Kidney Biopsy and Bleeding Complications, Part 1

In a recent article published in the American Journal of Kidney Diseases, Corapi et al present a meta-analysis of bleeding complications when performing a kidney biopsy. Corresponding author Dr. Craig Gordon (CG), from Boston University Medical Center, spoke with Dr. Kenar Jhaveri (eAJKD), eAJKD Blog Editor, about this study. This is the first part of the interview; the second will post later in the week.

eAJKD: Can you summarize the findings of your study?

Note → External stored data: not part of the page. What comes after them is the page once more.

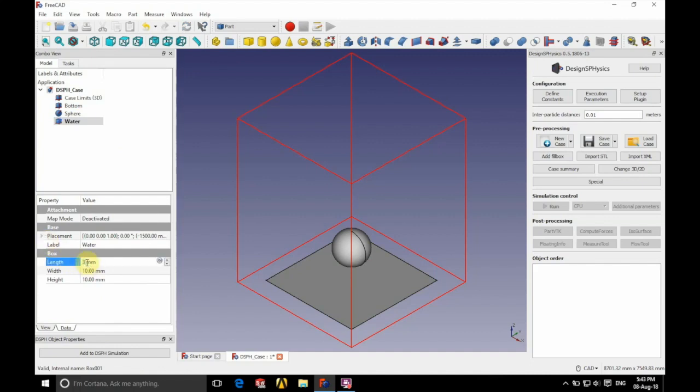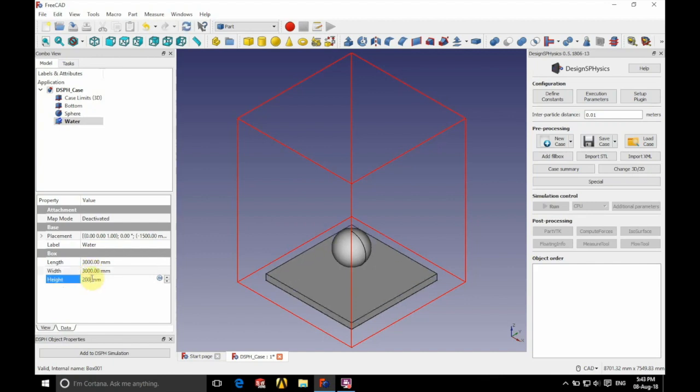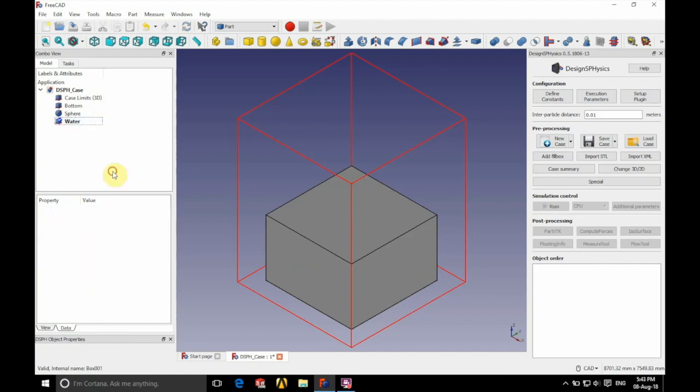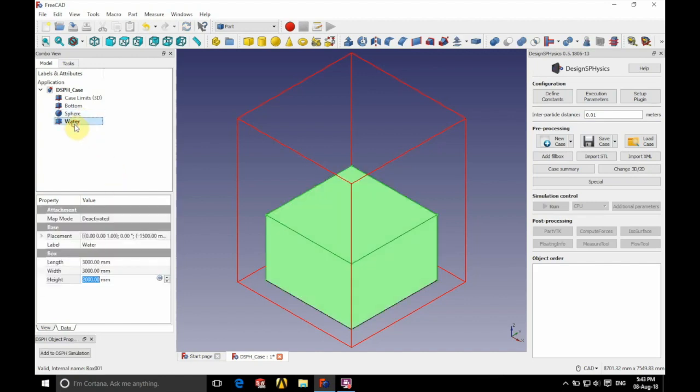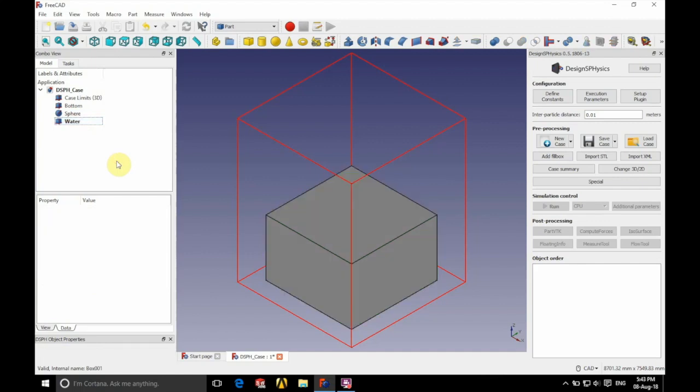Again, we're going to define the size of our cube: a length of 3,000 millimeters, a width of 3,000 millimeters, and a height of 2,000 millimeters. If we click on water there, we can see that it highlights in the main window.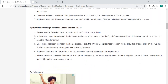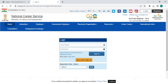To apply online through National Career Service, please click on the link provided. Once you click on this link, you will be directed to the page. On this page, the person has to click on the login section which is on the right part of the screen. In the login page, the person has to enter the username and password and click the sign in button.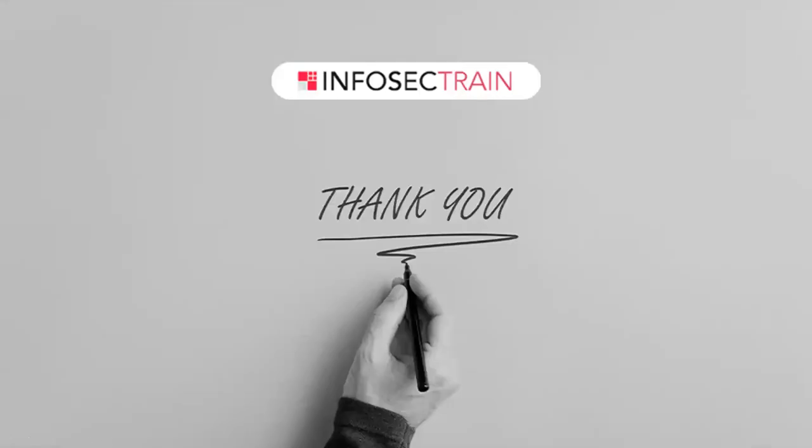So thank you everyone. And we'll meet in the next video. And until then, stay safe, stay healthy.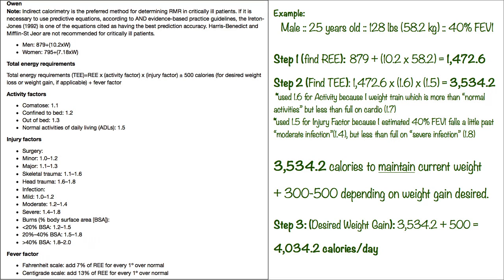As you gain weight, I would say maybe every five pounds you probably need to redo this equation because as your weight gain goes up, that kilograms number is going to go up and therefore change your calories you need. Now keep that in mind whenever you're doing this for yourself. Let's move on to the next equation.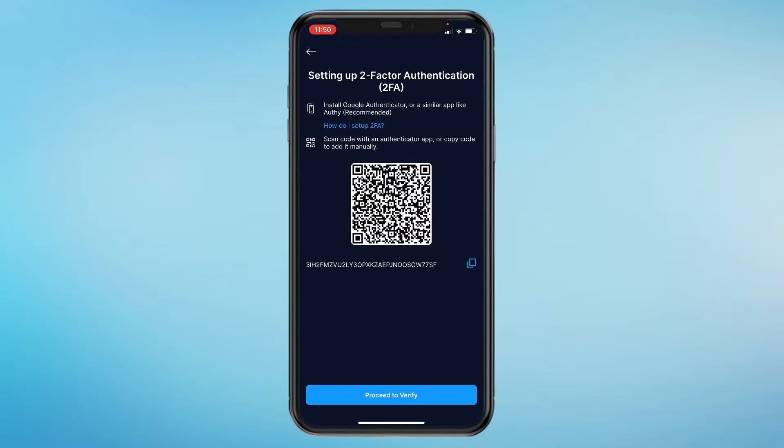Now right here it says install Google Authenticator or a similar app like Authy. I've already got Google Authenticator installed. I recommend doing the same, or you can also do a similar app. Then you can scan this code with an Authenticator app.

CG: We reviewed the literature on bleeding complications (macroscopic hematuria and transfusion requirements) after a kidney biopsy from 1980 through June 2011 using real time ultrasound techniques. We found that the rate of macroscopic hematuria was 3.5%, and the rate of packed red cell transfusion was around 0.9%. Factors that led to increased transfusion requirements were larger needle gauge, a mean serum creatinine >2 mg/dL, and acute kidney injury. Women had a statistically higher risk of transfusion requirements. For hematuria, we didn’t find any statistically significant predictors, but we found the same direction of effect.

eAJKD: Were you surprised by your findings?

CG: What we normally think are risk factors, such as elevated coagulation profiles and low platelets, are all individual patient risk factors. I think anytime one looks at study-level data, one is unlikely to see those individual patient factors.   Number of needle passes, the one factor that has been reported in prior studies, didn’t predict either of the hemorrhagic outcomes. I think a caveat there is that the needle gauge and the number of passes are inversely related. So perhaps if we were able to look at the analysis with both factors, we could have found a relationship.

eAJKD: How come hypertension was not a significant factor in predicting bleeding after kidney biopsies?

CG: It did not reach statistical significance. In studies with a mean systolic pressure over 130 mmHg, the rate of transfusion was 1.4%.  In studies with a lower mean systolic pressure, it was around 1%, but the P value was 0.09.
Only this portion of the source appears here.